The association in a broader context ?
New, sporadic evidence also suggests that beyond the individual level, an environment characterized by higher levels of EI may have a buffer effect on the individuals coping with the challenges of their condition. Thus one recent study found that parents' EI levels positively associated with their diabetic children's care outcomes [16]. Another preliminary result suggests that the levels of EI among a small sample of adult diabetics' spouses associated favorably with their care outcomes, even after controlling for background variables and the patients' own levels of EI partly reported in [17]. In a recent review of the literature on the support of families of children with type 2 diabetes, though not always directly related to the concept of EI, evidence quoted supported associations between family caregivers' emotional abilities and coping skills and their children's diabetic management outcome indicators [18].
A Brief Discussion and Directions for Future Research
The research in this line of investigation is still in its infancy. The little evidence that has accumulated so far seems to support the possibility of a positive association between EI levels in individuals and their significant others and better glycemic control in both type 1 and type 2 DM patients. Sporadic evidence also suggests the association between the two is directional, maybe even causal. What may underlie this association though? How is EI linked with glycemic outcomes?

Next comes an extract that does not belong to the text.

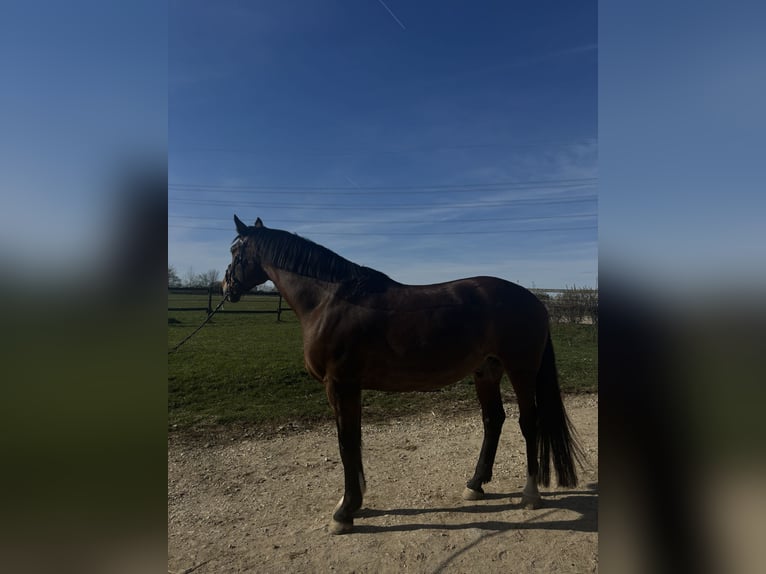 KWPN Ruin 14 Jaar 168 cm Bruin in Tuningen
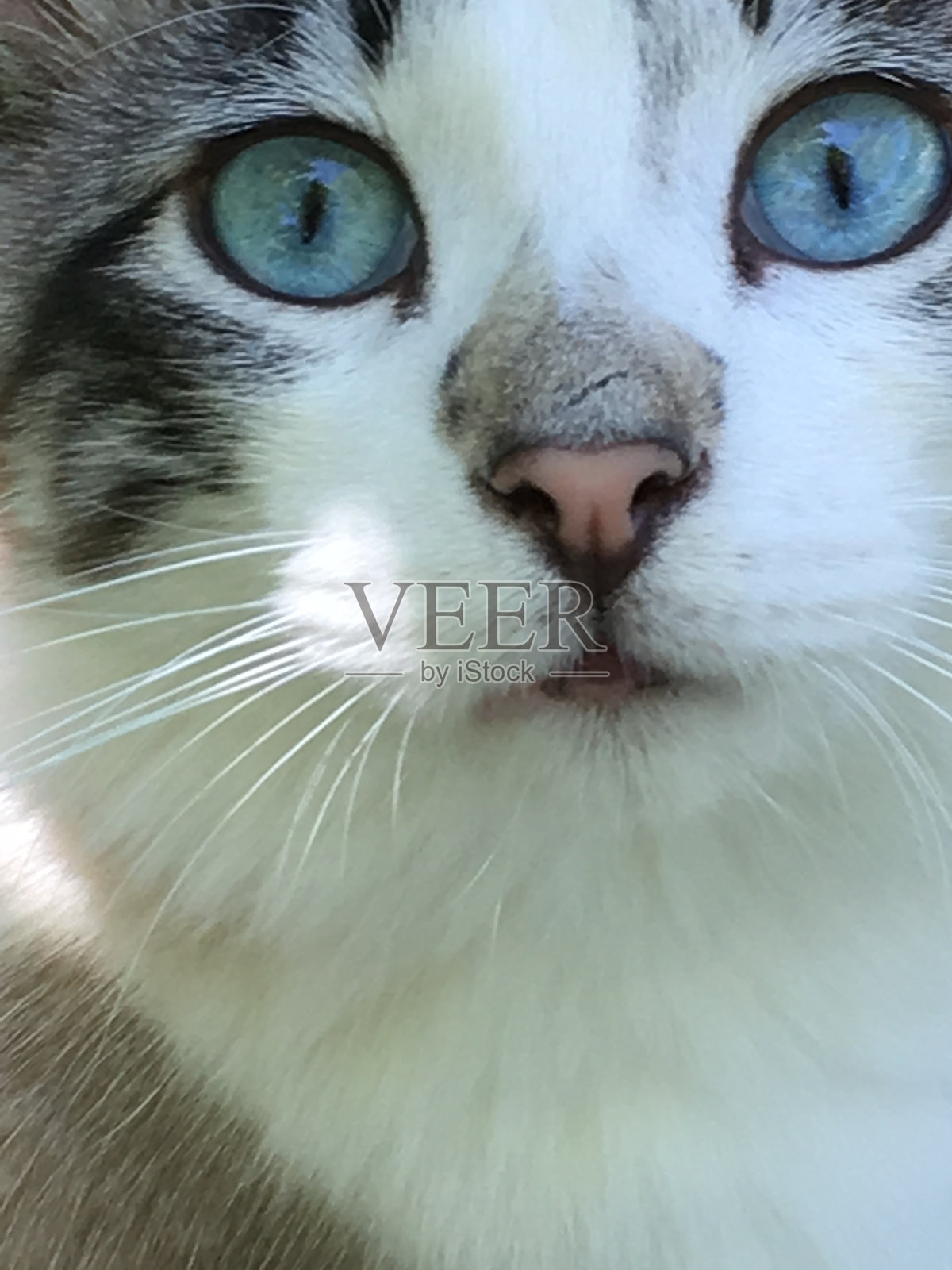 蓝眼猫照片摄影图片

Evidence from adjacent fields e.g.: EI and eating disorders, see [19] suggests the association is not a direct one, but rather a mediated system in which EI provides the potential and personal resources that allow more efficient coping and handling of the challenges presented by the diagnosis. What are the mediating factors? The literature identifies a few strong 'candidates' that seem relevant within the context of diabetes monitoring and care, chief among them are: Perceived control, self-efficacy, stress regulation and management, and conflict management and resolution [18,19]. All these have been explored in psychological research and identified as underlying mechanisms accounting for a broad range of performance and behavior change. The little evidence in existence in this specific context suggests they may underlie effective glycemic control as well.

Future research may focus on such potential mediation models to identify the main mechanisms EI enables and empowers that guide health promoting behaviors in this specific context. Should future research support the mediation model, we may gain new insight into additional paths for early identification and possible interventions with patients who may be at high risk of poor glycemic control, beyond education and instruction. Emotions are primary responses anchored at the most rudimentary levels of our physiology, perception and reactions to our world. Better understanding of these dynamics may provide a powerful tool for improving diabetic patients' quality of life and care.